BISMARCK, N.D. (AP) -- Increased federal regulations and competition from other U.S. oil players could drastically cut production in North Dakota's oil patch, the state's top oil regulator said.
Lynn Helms, director of the state Department of Mineral Resources, told the House Appropriations Committee on Thursday that the state's oil industry is healthy but threatened by onerous federal regulations, increased competition from emerging oil fields and a struggling worldwide economy.
"It's not all roses and sunshine," Helms told lawmakers. "There are some serious risk factors."
Helms appealed to lawmakers to keep a $1 million fund available to challenge the federal government if it imposes additional hydraulic fracturing regulations or other rules that North Dakota finds excessive.
Hydraulic fracturing is a process that uses pressurized fluid and sand to break open oil- and gas-bearing rock up to 2 miles underground. The technique tapped the rich Bakken shale and Three Forks formations in North Dakota, propelling the state to the nation's No.2 oil producer behind Texas.
In other states, hydraulic fracturing has been blamed for endangering water quality. Helms said water sources in North Dakota are protected by thousands of feet of geologic formations atop fracking operations that can extend 2 miles horizontally. Elsewhere, hydraulic fracturing is often done at much shallower levels, he said.
North Dakota should have the authority to set its own regulations when it comes to oil drilling and hydraulic fracturing, Helms said, and it should have a million-dollar war chest available to challenge onerous federal rules. About a dozen other oil-producing states have similar funds in reserve, he said.
"There are some heavy hitters with big budgets backing us up," Helms said.
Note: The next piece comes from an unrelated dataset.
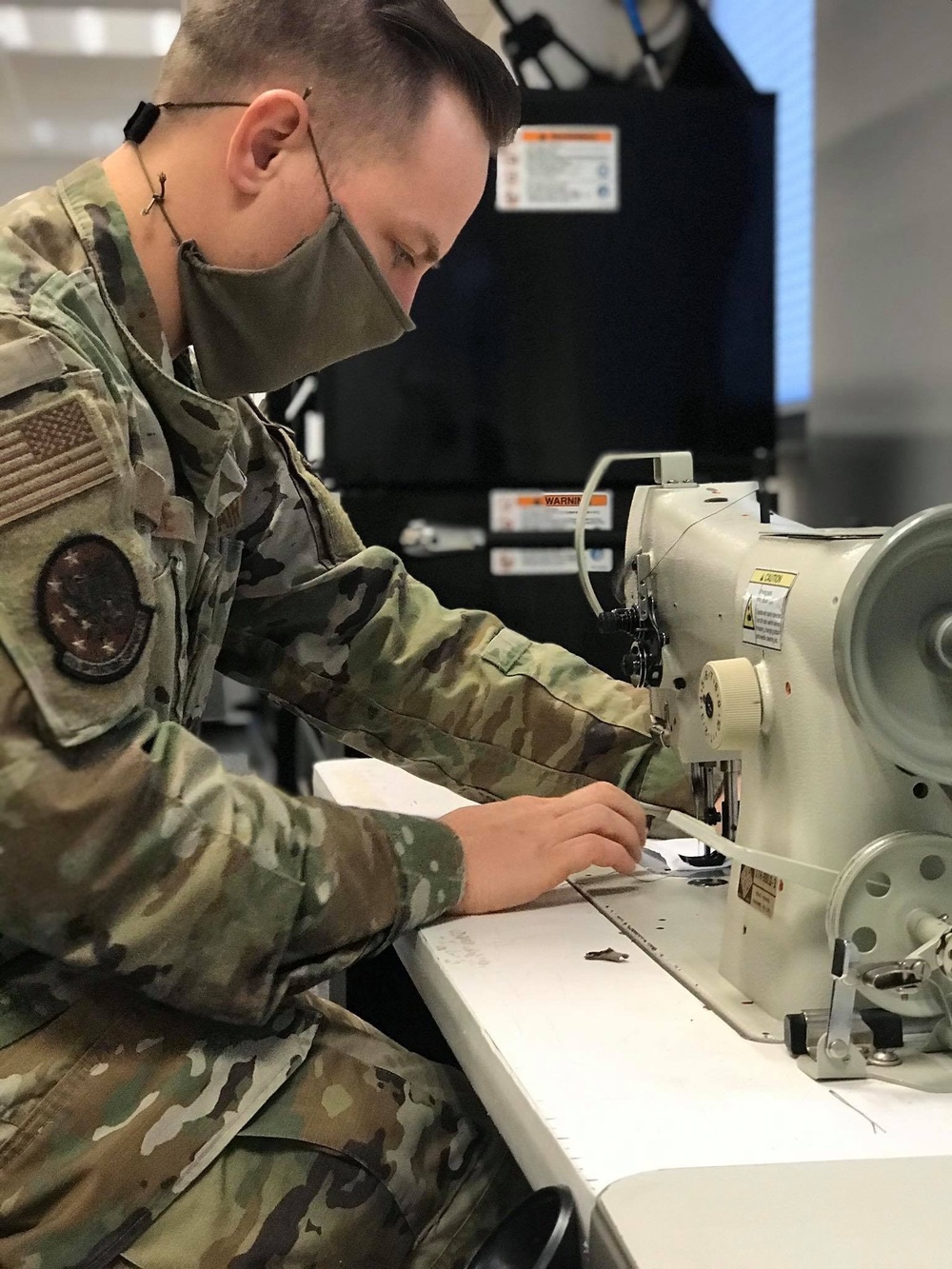 52nd OSS Airmen help combat COVID-19 with mass production of face masks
The $1 million fund in North Dakota "is enough to make sure we're in the fight," he said.
Mitch Vance, of Bismarck, said he intended to submit comments to lawmakers over the fund, saying the state should not be using taxpayer money to fund lawsuits against the federal government.
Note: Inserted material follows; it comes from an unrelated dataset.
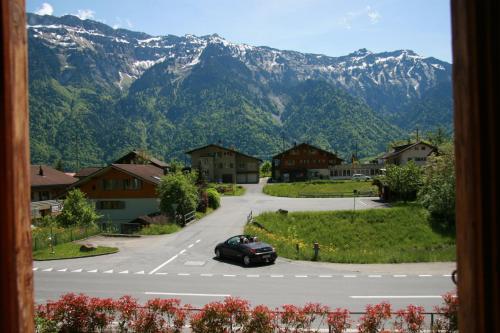 a car driving down a road with mountains in the background at Lakeside Apartment in Ringgenberg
"I don't feel that it's an appropriate expenditure and it's fiscally irresponsible," Vance told The Associated Press. "I don't think the state should be going to battle for the oil industry."
Helms said many oil producers in North Dakota also are drilling in other oil and gas fields across the U.S., and especially in Texas' oil- and gas-rich Eagle Ford Shale region.
"We want to be careful what we do with tax rates and things like that," Helms said. "A single decision in a board room can move our rigs to another play ... it would be very easy to shift their capital dollars into Texas."